Societies in developing countries have been divided in their response to globalization. Poor farmers from the global South have rejected some aspects of globalization, such as the export of heavily subsidized American and European food to Africa and Latin America, as this export has in many cases harmed local agriculture. There has been much anger in Africa and India about the attempts of Monsanto and other transnational companies to encourage African and Indian farmers to buy their genetically modified wheat and cotton seeds.
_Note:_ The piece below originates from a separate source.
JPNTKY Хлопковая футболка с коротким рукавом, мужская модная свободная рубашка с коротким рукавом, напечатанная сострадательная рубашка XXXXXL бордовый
At the same time, global mobility has allowed millions of migrant workers from Asia, Africa, and Latin America to find better paying jobs in the West. They have been able to send money to their relatives at home, where these remittances have energized local economies. Western companies seeking cheap labor have transferred their production facilities to Mexico, China, Vietnam, Bangladesh, India, and many other places in the developing world. As a result, hundreds of millions of people in the developing world now have better paying manufacturing jobs; on the other hand, the United States and European countries have lost many industrial jobs.
Similarly, because jobs requiring special training or education encourage migration, highly educated people tend to leave their countries for the West. Researchers speak about the global brain drain created when scientists, nurses, engineers, programmers, and other highly educated people move to the West from the developing world.
Thus, the impact of globalization on the developing world has been mixed.